021: Ten Ragas to a Disco Beat, by Charanjit Singh

Charanjit Singh (India)
Ten Ragas to a Disco Beat (1982, reissued 2010)
10 tracks, 50 minutes
Spotify (not in the UK though) · YouTube · Boomkat

Acid house is often mentioned in relation to this album – the music contained within shares lots of similarities to acid house, not least the use of the TR-808 and TB-303 that provide the linchpin of the sound. It just so happens that Charanjit Singh’s music predated acid house by five years – this has led some hysterical commentators to suggest that this record shows ‘the invention’ of acid house and rewrites the history books, but really, this is something completely different.

I mean, he says it right there in the title: this is ten ragas - Indian classic melodic modes and associated performance rules - played to a disco beat. Disco was big in Bollywood at the time, and Charanjit had been messing around with his fancy synthesisers for long enough to actually use them together convincingly. Instead of record a straight-up disco album, he lugged his synths to the studio, programmed in his ragas and jammed for five minutes each. The subsequent record did not sell well, and Charanjit carried on his way as a reasonably successful session musician, sometimes-composer and hobbyist synth-wrangler. And that’s how it stayed until the record was ‘rediscovered’ by some Dutch blokes in the 2000s and eventually reissued to huge acclaim in 2010, allowing Charanjit to tour the world until his death in 2015.

It’s a fun story, and quite a familiar one that seems to come around every few years with different artists, but the main draw of this one for me is literally just how it sounds. We’ve already established that I love loops and repetition, and they make the basis of this record.

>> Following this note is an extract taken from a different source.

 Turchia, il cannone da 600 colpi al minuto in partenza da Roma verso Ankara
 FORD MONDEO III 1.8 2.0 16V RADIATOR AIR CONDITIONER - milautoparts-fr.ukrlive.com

Add on the retro synths playing in all these interesting scales and patterns and it’s intoxicating. Okay, it does sound quite a bit like acid house, but if history had pinged off in a different direction at some point. This is one of those ones that will stick in your head; not necessarily the melodies themselves, but the vibes it creates, with your brain filling in the blanks and improvising to itself for hours.

In the end, it does have a very filmic quality to it, and I would love to see a retro technofuture cyberpunk sort of thing with this as the soundtrack. An Indian Akira, something like that. In fact, now I just want to see that.

(I have to dedicate this one to Stephen, astral voyager and gonest cat as he is, for hipping me to this one in the first place – cheers!)